• Data records:
_ _ _

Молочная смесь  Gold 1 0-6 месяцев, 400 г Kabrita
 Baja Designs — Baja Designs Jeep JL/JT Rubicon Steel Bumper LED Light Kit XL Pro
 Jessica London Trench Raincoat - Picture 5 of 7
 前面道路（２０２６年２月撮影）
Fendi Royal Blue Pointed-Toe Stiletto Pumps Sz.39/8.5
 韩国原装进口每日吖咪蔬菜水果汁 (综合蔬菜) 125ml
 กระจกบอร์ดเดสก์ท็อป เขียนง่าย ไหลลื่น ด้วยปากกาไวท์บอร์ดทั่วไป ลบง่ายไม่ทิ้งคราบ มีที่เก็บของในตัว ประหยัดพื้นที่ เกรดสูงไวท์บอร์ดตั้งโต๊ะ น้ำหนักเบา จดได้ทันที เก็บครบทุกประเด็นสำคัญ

_ _ _

• Exercise:
What do the records say? Quote them all exactly.

• Your solution:
Молочная смесь  Gold 1 0-6 месяцев, 400 г Kabrita
 Baja Designs — Baja Designs Jeep JL/JT Rubicon Steel Bumper LED Light Kit XL Pro
 Jessica London Trench Raincoat - Picture 5 of 7
 前面道路（２０２６年２月撮影）
Fendi Royal Blue Pointed-Toe Stiletto Pumps Sz.39/8.5
 韩国原装进口每日吖咪蔬菜水果汁 (综合蔬菜) 125ml
 กระจกบอร์ดเดสก์ท็อป เขียนง่าย ไหลลื่น ด้วยปากกาไวท์บอร์ดทั่วไป ลบง่ายไม่ทิ้งคราบ มีที่เก็บของในตัว ประหยัดพื้นที่ เกรดสูงไวท์บอร์ดตั้งโต๊ะ น้ำหนักเบา จดได้ทันที เก็บครบทุกประเด็นสำคัญ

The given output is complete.